> [Information supplied]
Start of Block
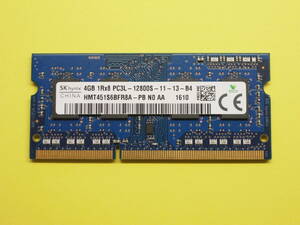 【送料無料】4GB SKhynix PC3L-12800S HMT451S6BFR8A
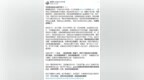 FRONT改名<em>SLF</em>增发4倍 代币置换不公引热议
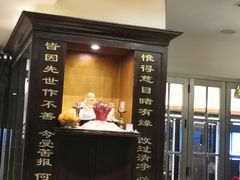 -蝶苑(吴江路店)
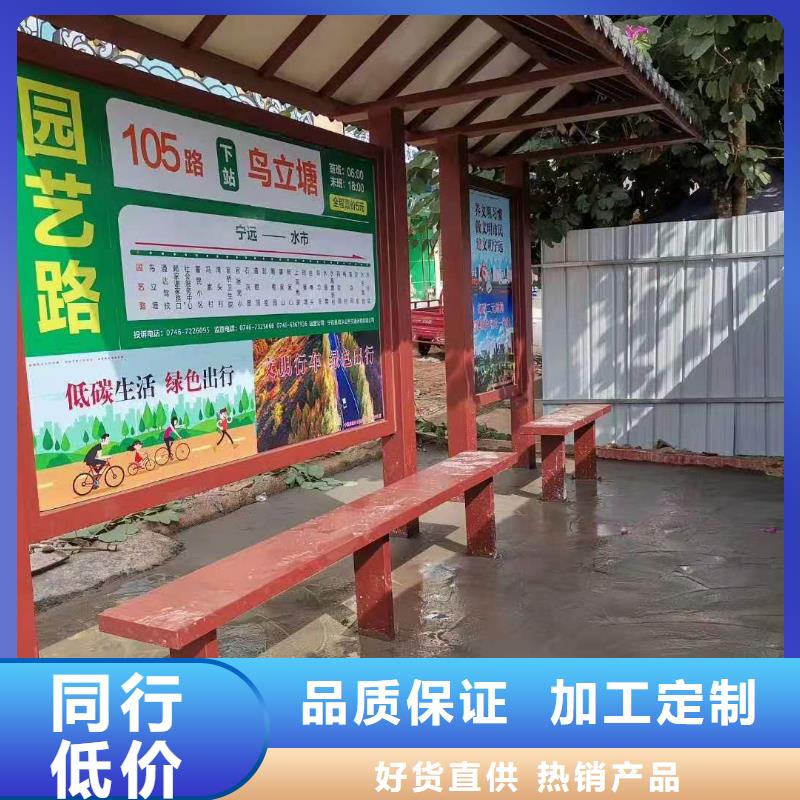 简易不锈钢候车亭来厂考察源头厂家经验丰富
End of Block
> [What you will do] Would you set down each line of the data exactly, with no images included?

> [Result of the task]
 【送料無料】4GB SKhynix PC3L-12800S HMT451S6BFR8A
 FRONT改名<em>SLF</em>增发4倍 代币置换不公引热议
 -蝶苑(吴江路店)
 简易不锈钢候车亭来厂考察源头厂家经验丰富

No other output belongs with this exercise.